SOLIDÃO DE BEIRAL DE ESTRADA

*Rangel Alves da Costa

Solidão e ali e acolá. Solidão nos casebres de solidões. Nos casebres as solidões. As solidões avistadas do lado de fora e imaginadas do lado de dentro. E há um mundo que é assim. Conheço esse mundo, pois caminho pelos seus caminhos, visito os seus semblantes e me entristeço perante suas portas e janelas sempre fechadas.
Verdade que os sertanejos costumam manter suas portas fechadas em todos os instantes do dia. Somente ao entardecer, quando uma cadeira é colocada diante da porta ou quando o dono da casa se assenta num tamborete para ouvir seu radinho de pilha é que surgem sinais de vida, de presença daqueles moradores. Ao invés da porta da frente, é a porta dos fundos, que dá para o quintal ou cercados, que é utilizada como entrada e saída. Quanto muito, apenas um bicho de cria arreliando de canta a outro.
Pelos sertões o que se encontra, assim, são casas tristes, de feições abandonadas, de portas fechadas, de malhadas solitárias, num quase sem vida. Mesmo que lá dentro estejam muitas pessoas, mesmo que lá dentro a vida esteja correndo apressada, é como se nada assim existisse perante aquele que passa adiante e lança o seu olhar naquela direção. E não há quem não se aflija com aquela moldura tão aflitiva e melancólica. Imagina-se sempre estar apenas diante de um abandono, de vidas partidas, de vidas dali já distanciadas pelas intempéries da existência em mundo tão difícil de ser suportado perante as estiagens.
Sempre entristeço ante o silêncio melancólico das casas tristes nos beirais das estradas. Portas e janelas fechadas, sem cheiro de café torrado ou de tripa de porco torrando no fogão de lenha. Procuro pelo menino Zezim, procuro pela menina Joaninha. Mas nada. Nem um cachorro magro nem a voz de um papagaio falador. Murchou a bela flor que outrora era avistada no umbral da janela. Esturricou a planta que antes descia pelo caqueiro pendendo no pé de pau.
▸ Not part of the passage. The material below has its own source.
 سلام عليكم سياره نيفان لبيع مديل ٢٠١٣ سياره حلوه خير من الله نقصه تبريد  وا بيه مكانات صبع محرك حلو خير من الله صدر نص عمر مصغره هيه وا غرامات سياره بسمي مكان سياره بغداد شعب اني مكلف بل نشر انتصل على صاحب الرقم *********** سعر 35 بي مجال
Tenho vontade de ir até lá e bater à porta. Oi de casa, oi de casa! Tenho vontade de ir até lá e bater na madeira como alguém que chaga para trazer uma notícia boa sobre um mundo novo. Ou apenas dizer: Oi de casa, oi de casa! Chamar assim. Mas desisto, enfim. E sigo pelos meus sertões em busca de portas abertas e daquilo que me dê alegria. Zezim, onde tá você? Joaninha, onde tá você? É o que pergunto em meu pensamento. E entristeço e choro. E silencioso pranteio a dor de todas as ausências do mundo!
Sigo adiante e aquele mundo solitário e triste para se eternizar logo atrás. Mas não posso esquecer aquela moldura ainda fixa no meu olhar. Zezim deveria estar ali na malhada, debaixo do umbuzeiro, reinando com ponta de vaca, correndo atrás de calango, atirando com peteca baleadeira. Zezim, Zezim, seu mundo está ali e por que você não estava? Joaninha também deveria estar pelos arredores da casa, levando consigo a boneca de pano descabelada e desenho círculos no chão aberto para brincar de pular. Joaninha, Joaninha, seu mundo está ali e por que você não estava?
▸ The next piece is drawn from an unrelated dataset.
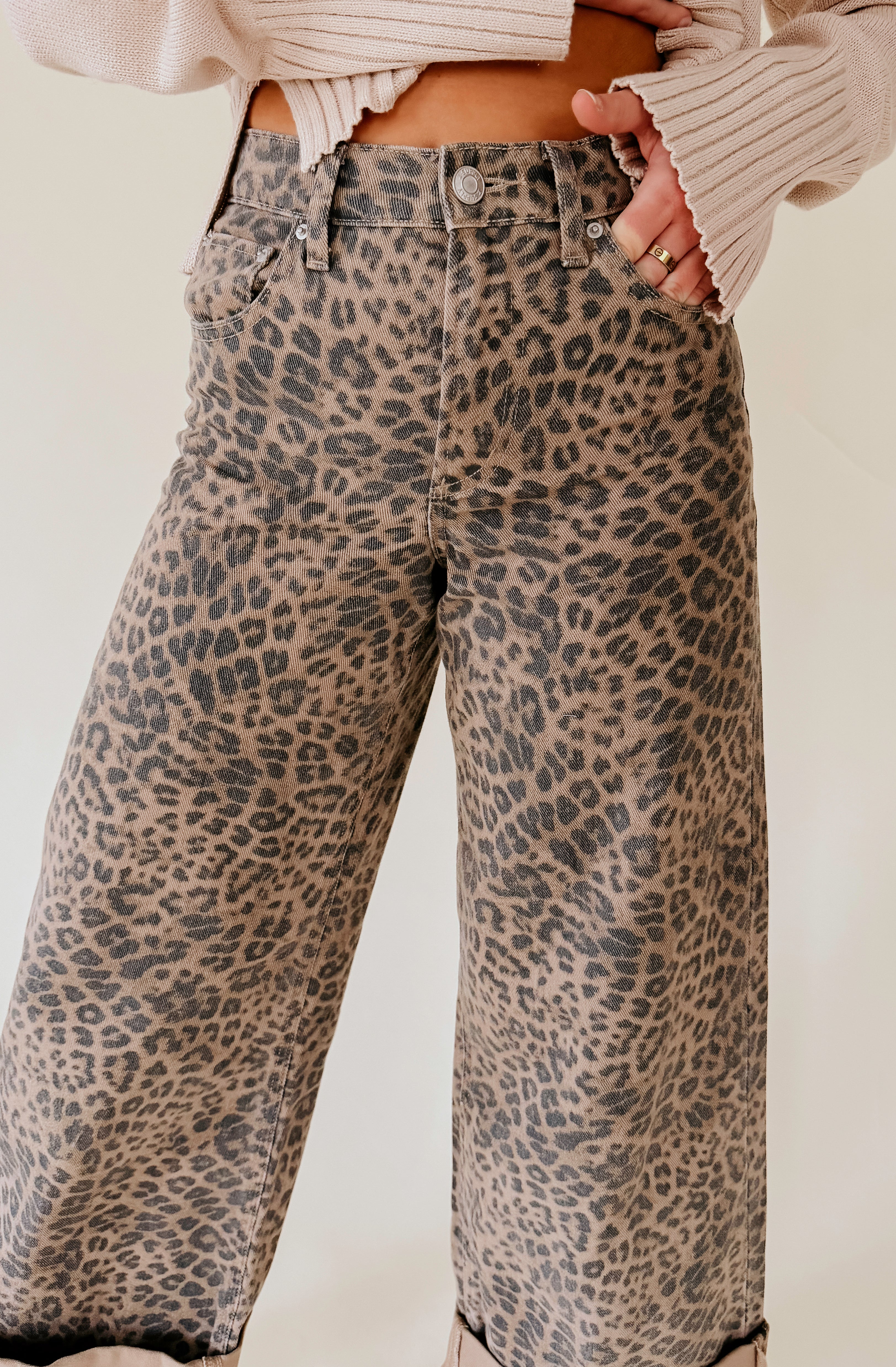 Z SUPPLY MARLI DENIM LEOPARD PANTS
Faltou-me sentir aquele aroma forte, encorpado, cheiroso, oloroso, do café fervendo em riba do fogão de lenha. Que festa ao olfato este perfume tão sertanejo, nascido desde o pilão para bater o café, à arupemba para separar o pó do restante dos grãos, e depois todo o negrume misturado à água fervente para a festa maior do sabor e da vida. Não senti tal cheiro ali e senti muita falta. Também não ouvi os barulhos do ofício na cozinha, com panela batendo, talher caindo, criança chorosa querendo comida. A mulher não abriu a porta para aguar a planta. Não havia planta, não havia nada. O homem não abriu a janela para avistar possíveis nuvens de chuva ao horizonte. Não há chuva num sertão assim.
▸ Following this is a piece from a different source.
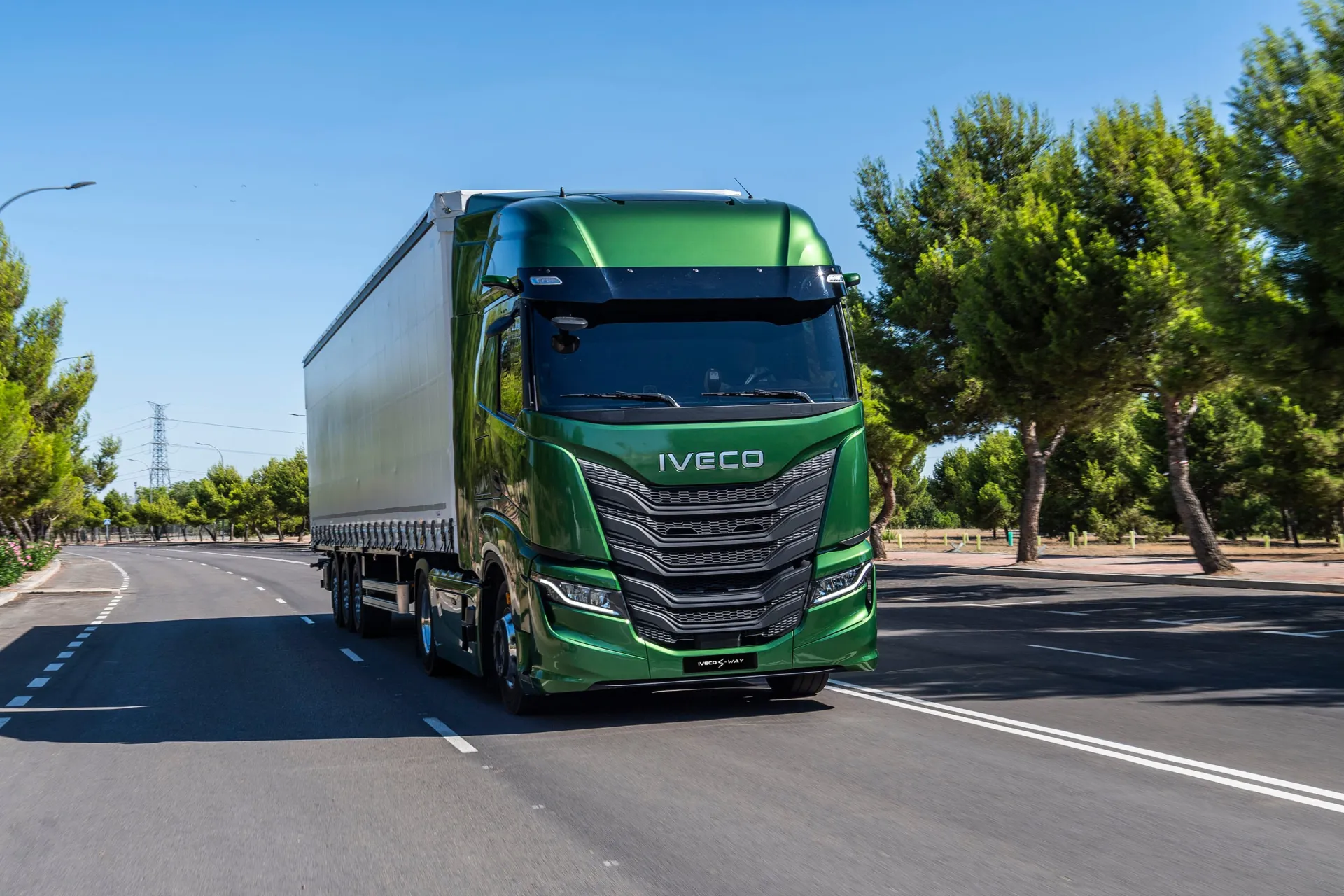 „Iveco“ pristatė naujos kartos „S-Way“ ir elektrinę vilkiko versiją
Entristeci e chorei pela moldura de angústia e desilusão. Não pelo sertão em si, com seu sorriso triste e seu corpo esquelético, mas pelo seu povo que sequer parece existir naqueles casebres tristes de beirais de estrada. Talvez algum dia eu retorne e encontre tudo diferente. Talvez eu encontre a porta e a janela abertas, Zezim e Joaninha nos seus afazeres de criança e a sertaneja jogando água por riba da planta sedenta. O sertanejo certamente estará por ali, mexendo numa coisa e noutra, afiando uma enxada, dando lustre ao facão, remendando seu aió de caçador.
Talvez eu retorne e encontre a vida na sua vida, o homem sertanejo no seu lugar. Mas por enquanto, ainda choroso, ainda triste. Sou sertanejo também.